Obviously, these are the more intense things the ninja will say and hopefully by talking and communicating I am setting her up for a life of open mindedness and understanding of the world. She can also say the most amazing things (and not even when she wants something) like ‘mum, (whilst holding my face) you are just so beautiful’ and ‘I love you to grandma (in the stars) and back and more than chocolate’ and get this one ‘mum you look a bit old there’ oh wait that one belongs in the I wish my kid wouldn’t say these out loud in public category! DOH! My point is she is developing this emotional and brutal honesty which I can’t recommend enough as it helps me keep on top of how she’s feeling giving me insight to how her mind works enabling me to support her in the best way I can and the only way I know how. To fully understand the ninja, I have to fully trust and listen to what she is telling me giving her full control of the situations and yes there will be times when this doesn’t happen but that’s life. But by giving her the power of control it makes her trust me more and with that trust then comes the honesty and I have dealt with situations where dishonesty has come into play for the tiniest of things but because I have questioned and expressed my feelings, this then results in the ninja feeling guilt leading to more openness and honesty in the future. (WINNER!!!!) The power of control is also great when she is having one of her I’m not doing anything you say moments and this has now worked for a number of years where I give her two scenarios both leading to the same outcome, for example, I mentioned she needed to get in the
shower the other night and she was having a bad day so her reaction was ‘no, I’m not having a shower’ (this is when I get roly eye syndrome thinking here we go). So, I instantly check out the situation by asking why? From this I, can gauge the type of mood she is in so when she says ‘I’m just not having one nope nope nope’ I think ok ……CODE RED full on mardy monkey entering the house.
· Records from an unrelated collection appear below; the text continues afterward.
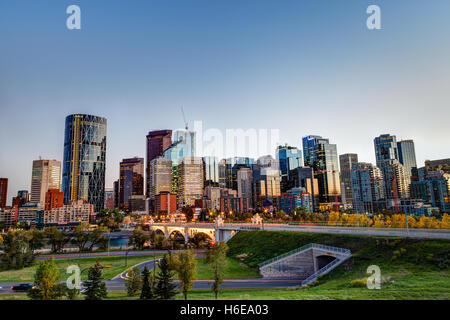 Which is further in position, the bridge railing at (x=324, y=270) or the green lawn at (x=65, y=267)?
the green lawn at (x=65, y=267)

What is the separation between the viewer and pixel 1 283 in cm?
3975

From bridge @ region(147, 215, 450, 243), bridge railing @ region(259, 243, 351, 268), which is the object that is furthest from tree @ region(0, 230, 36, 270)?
bridge railing @ region(259, 243, 351, 268)

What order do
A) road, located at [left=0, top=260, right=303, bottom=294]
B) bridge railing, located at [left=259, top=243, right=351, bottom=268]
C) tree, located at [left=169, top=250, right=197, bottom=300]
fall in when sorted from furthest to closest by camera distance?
bridge railing, located at [left=259, top=243, right=351, bottom=268] < road, located at [left=0, top=260, right=303, bottom=294] < tree, located at [left=169, top=250, right=197, bottom=300]

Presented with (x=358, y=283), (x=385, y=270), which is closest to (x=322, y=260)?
(x=385, y=270)

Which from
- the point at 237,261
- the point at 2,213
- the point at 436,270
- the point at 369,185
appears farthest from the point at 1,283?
the point at 2,213

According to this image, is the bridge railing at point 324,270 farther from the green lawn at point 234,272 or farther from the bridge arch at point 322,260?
the green lawn at point 234,272

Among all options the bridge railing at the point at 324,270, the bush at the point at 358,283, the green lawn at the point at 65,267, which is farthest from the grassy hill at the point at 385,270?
the green lawn at the point at 65,267

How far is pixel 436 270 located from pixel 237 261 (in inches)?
1180

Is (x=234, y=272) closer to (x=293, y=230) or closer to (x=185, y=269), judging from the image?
(x=293, y=230)

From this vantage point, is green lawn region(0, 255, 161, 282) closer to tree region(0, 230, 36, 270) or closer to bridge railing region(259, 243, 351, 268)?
tree region(0, 230, 36, 270)

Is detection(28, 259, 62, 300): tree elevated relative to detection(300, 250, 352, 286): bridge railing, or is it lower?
elevated

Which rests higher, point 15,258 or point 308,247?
point 308,247

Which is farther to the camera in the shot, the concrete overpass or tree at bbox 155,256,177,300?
the concrete overpass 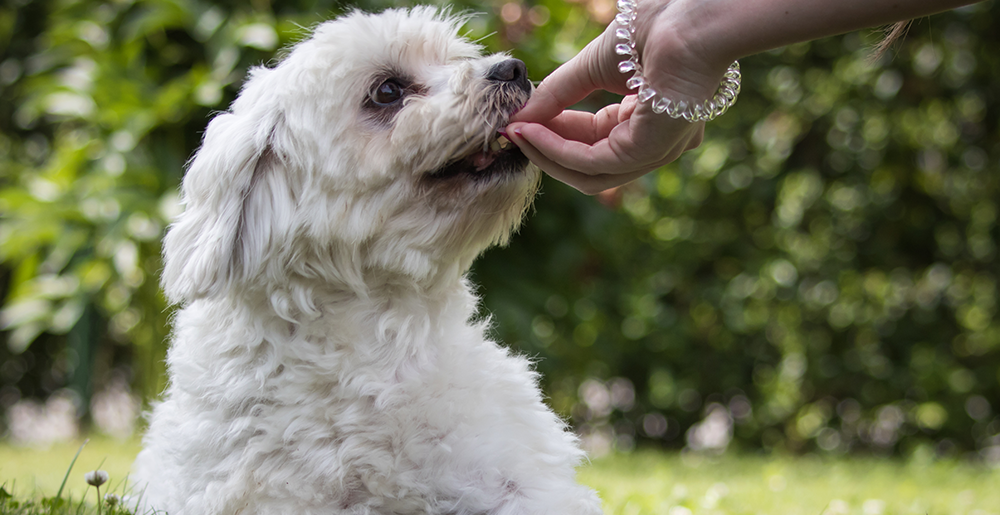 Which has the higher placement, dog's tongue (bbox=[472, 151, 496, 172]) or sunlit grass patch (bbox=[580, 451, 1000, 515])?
dog's tongue (bbox=[472, 151, 496, 172])

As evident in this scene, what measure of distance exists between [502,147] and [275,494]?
3.41 feet

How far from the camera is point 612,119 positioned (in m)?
2.23

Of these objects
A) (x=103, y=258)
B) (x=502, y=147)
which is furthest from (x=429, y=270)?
(x=103, y=258)

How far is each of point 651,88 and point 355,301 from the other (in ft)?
3.02

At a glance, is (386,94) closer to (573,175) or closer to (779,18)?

So, the scenario I give is ‘ok you can get in the shower and wash your hair or get in the shower and put your shower cap on and not wash your hair as it was done yesterday so it doesn’t really need doing’ and at this point I’m still full on calm, cool collected mofo!!
LOL this gives her total control of the situation leading to her believe she has decided on the outcome where in actual fact the outcome is still the same as the grotty little ninja has now been in the shower!!! RESULT!!! Relationship is saved, ninja is clean and mum is happy.



I hope this read served you well and you take something from it.